From: Wilco Fiers <wilco.fiers@deque.com>
Date: Fri, 20 Jul 2018 00:40:35 +0200
Message-ID: <CAHVyjGM5TAdDz2BMSZFfx=EueY+nUKkF-zyZVmbH=cqhQ4w77w@mail.gmail.com>
To: Wayne Dick <wayneedick@gmail.com>
Cc: "Patrick H. Lauke" <redux@splintered.co.uk>, WAI Interest Group <w3c-wai-ig@w3.org>
Hey Wayne,
I really appreciate this e-mail thread. Going from its past work, AG hasn't
really seen custom stylesheets as assistive technologies. For example:
Color contrast is easily solved with a good custom style sheet, provided
the content author didn't do a few things that can get in the way of the
custom stylesheet.
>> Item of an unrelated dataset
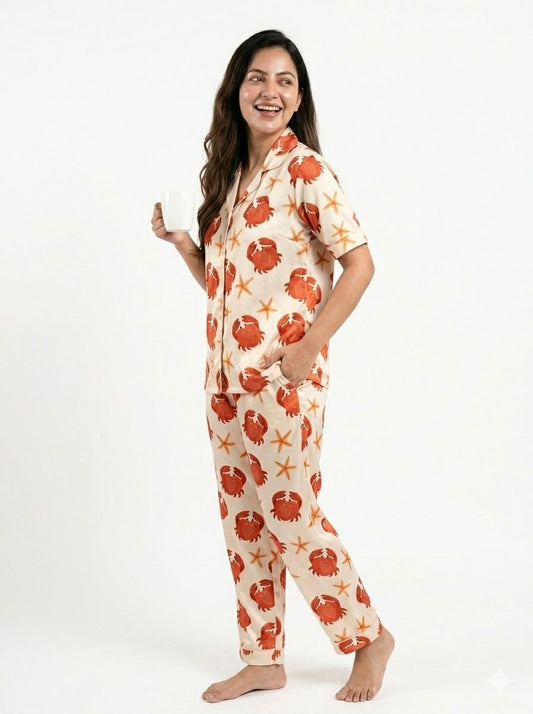 Crab Print PJ Set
But rather than prohibit that, WCAG went the route where
there's some base level every site needs to meet, and whoever needs more is
just out of luck when it comes to those sites where custom styles don't
work.

The opposite was true for the WCAG 2.1 rule about word spacing (which is
where I can see your influence at work Wayne!), where the requirement
wasn't to have some minimum amount of word / line / paragraph spacing, but
rather to build the UI in such a way that it can be changed without
breaking. A very interesting move, and also completely the opposite
approach to the one taken with color contrast (or for reflow).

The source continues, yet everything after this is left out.